## EXERCISE AIM
Please set down, word for word, the line that contains "Goose Laying a" and every line after it to the end of the entries below, omitting the pictures.

===== INFORMATION GIVEN

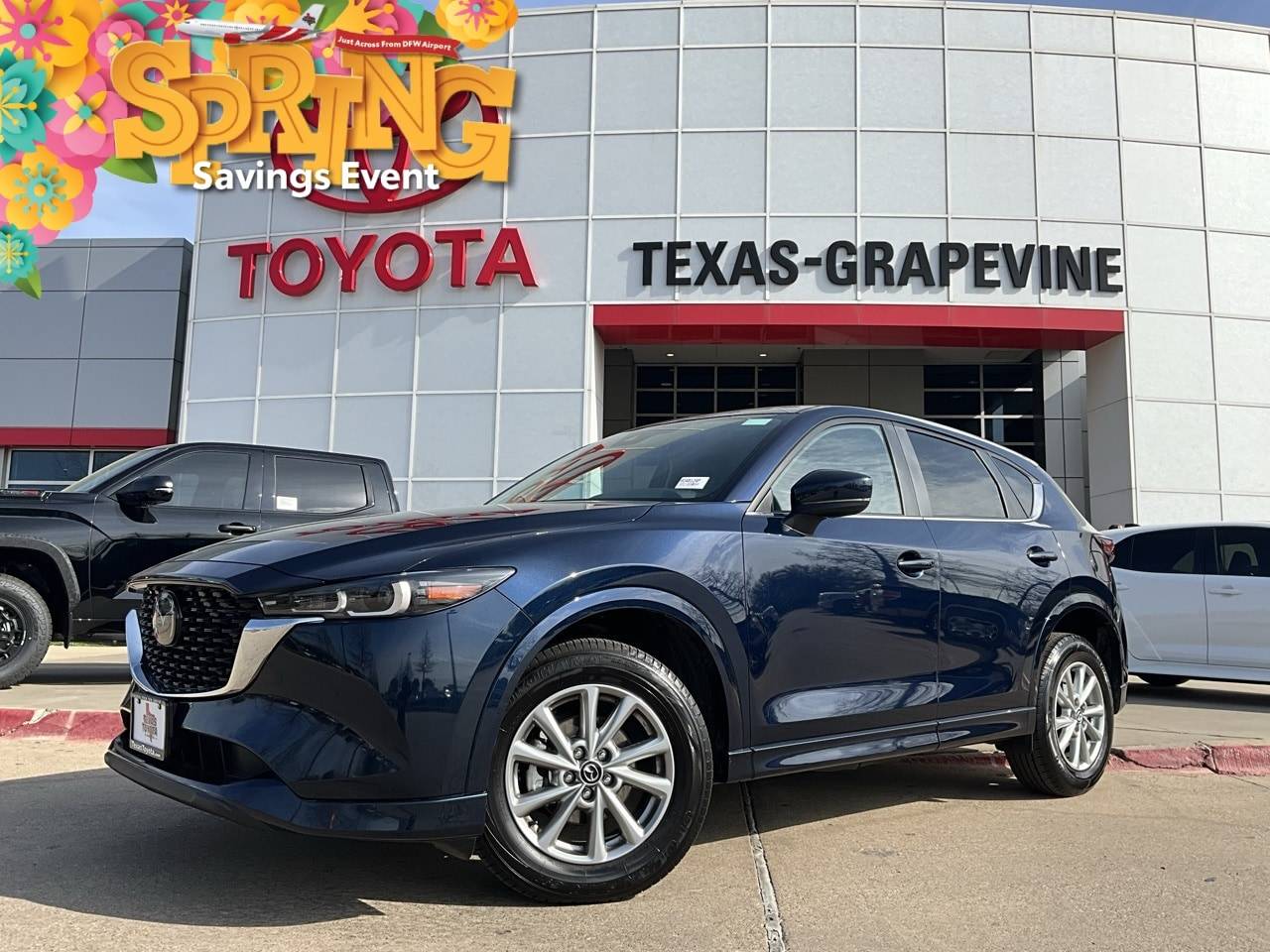 2024 Mazda CX-5 2.5 S Select — SUV — 21,934 mi — Grapevine, TX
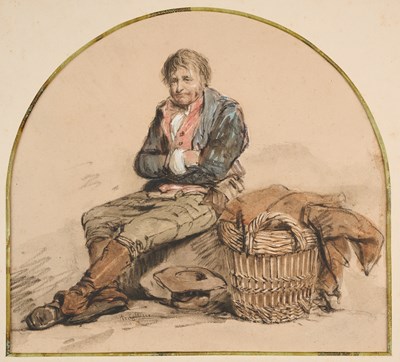 Lot 72 - JOHN FREDERICK TAYLOR, P.R.W.S. (BRITISH 1802-1889)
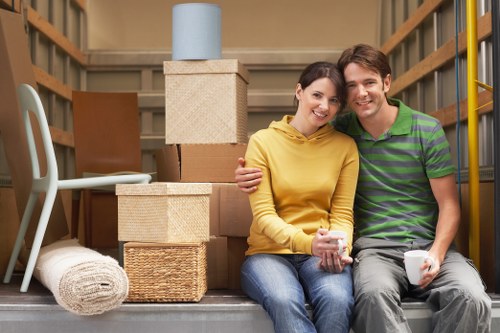 Van transport solution for furniture and office items in East Barnet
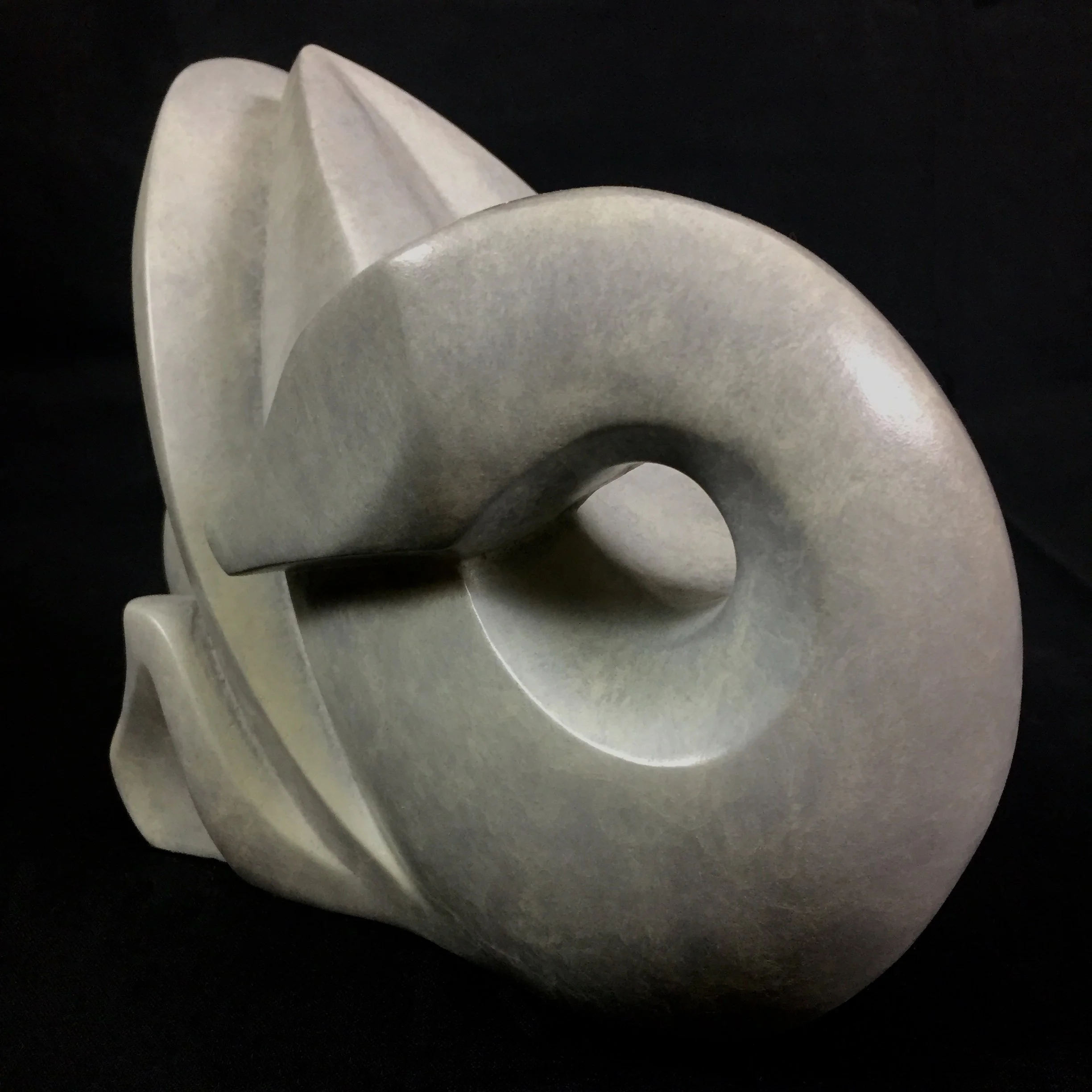 Goose Laying a Golden Egg - Bronze - £2800-rear view - 15x20x10xcm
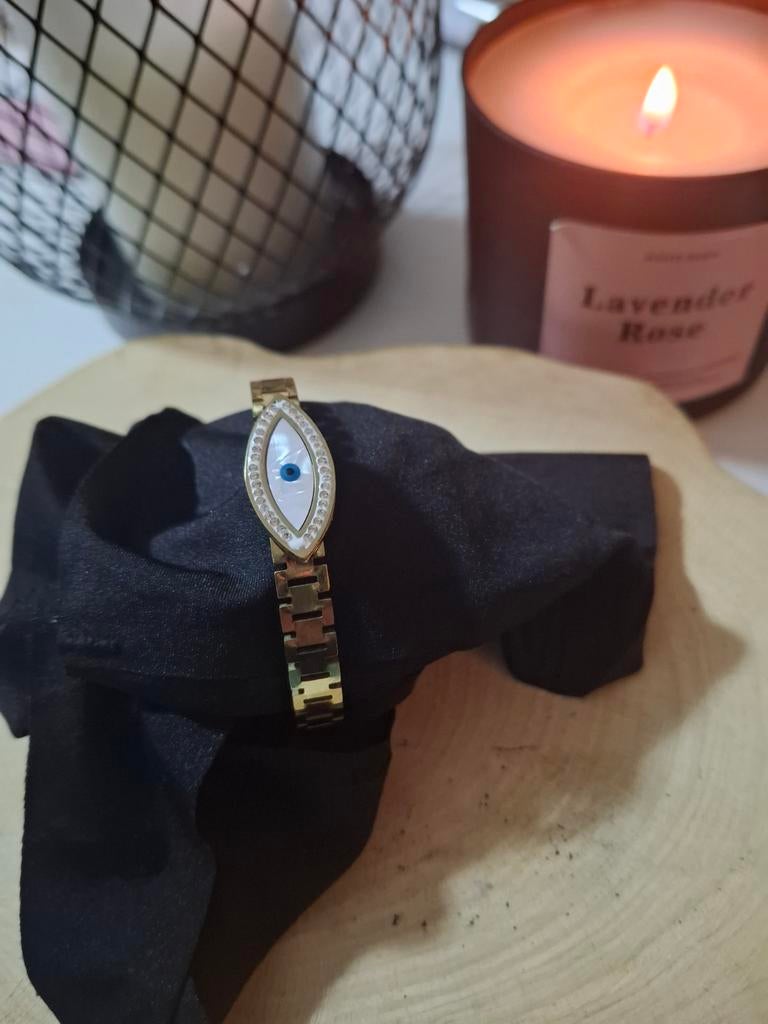 Roestvrij stalen armband met oog, Ophalen of Verzenden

==========

## WRITTEN SOLUTION
 Goose Laying a Golden Egg - Bronze - £2800-rear view - 15x20x10xcm
 Roestvrij stalen armband met oog, Ophalen of Verzenden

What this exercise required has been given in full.